**YOUR INSTRUCTIONS:**
Please retype the entries that follow exactly as they are, leaving the images behind.

**THE RECORDS:**
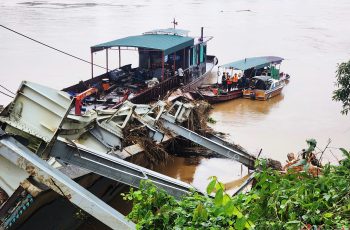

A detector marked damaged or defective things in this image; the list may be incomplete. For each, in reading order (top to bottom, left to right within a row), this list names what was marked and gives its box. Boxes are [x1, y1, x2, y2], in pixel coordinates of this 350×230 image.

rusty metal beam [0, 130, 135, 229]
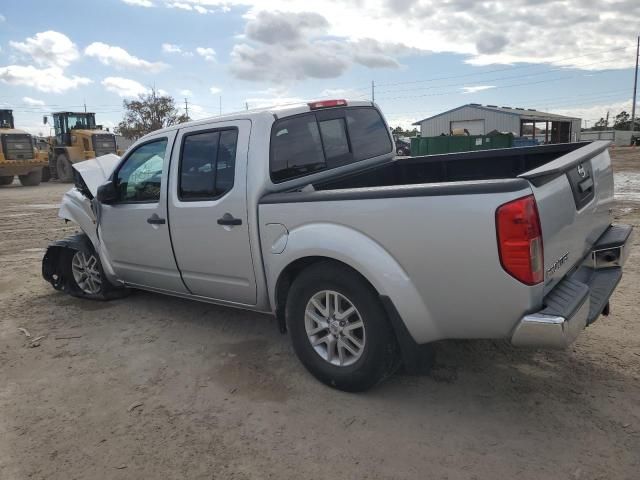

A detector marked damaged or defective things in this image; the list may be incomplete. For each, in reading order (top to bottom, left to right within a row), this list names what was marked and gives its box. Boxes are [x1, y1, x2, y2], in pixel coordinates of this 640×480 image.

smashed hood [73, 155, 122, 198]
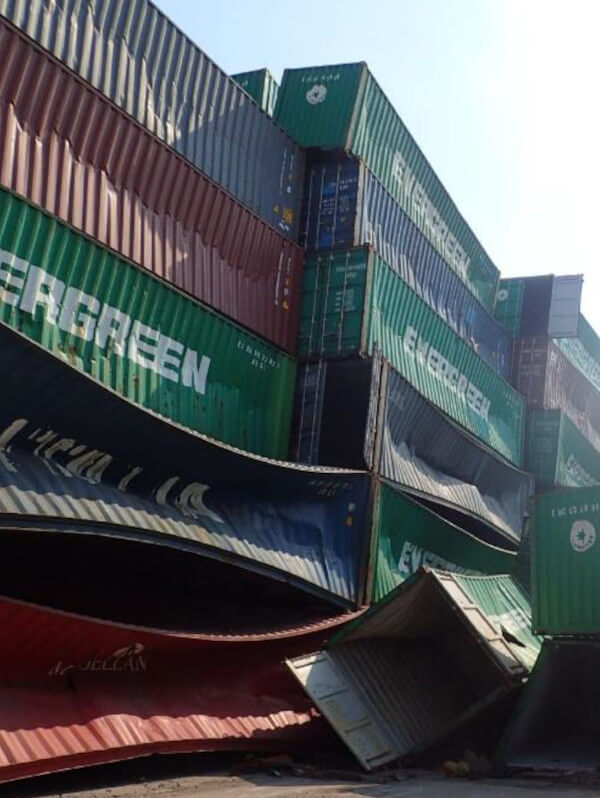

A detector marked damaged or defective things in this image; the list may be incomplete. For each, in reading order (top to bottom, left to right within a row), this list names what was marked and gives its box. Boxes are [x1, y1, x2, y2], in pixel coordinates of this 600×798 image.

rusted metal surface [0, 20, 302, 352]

**ANSWER FOR THIS EXERCISE:**
A detector marked damaged or defective things in this image; the list may be incomplete. For each, in reading order (top to bottom, left to right within a row), this list names what was marked and gives its box. Boxes are [x1, y1, x2, y2], in pixel coordinates of this 350×230 image.

rusty metal beam [0, 130, 135, 229]

A detector marked damaged or defective things in this image; the list may be incomplete. For each, in reading order (top to bottom, left to right within a row), this list names what was marked and gives its box. Boxes are [x1, y1, x2, y2], in pixel coordinates of this 640×480 image.

smashed hood [73, 155, 122, 198]

A detector marked damaged or defective things in this image; the list may be incomplete. For each, in reading order (top to bottom, left to right within a row), this list names what was marked and gives its box. Boxes are [x1, y1, x2, y2], in pixel coordinates of this 600×798 image.

rusted metal surface [0, 20, 302, 352]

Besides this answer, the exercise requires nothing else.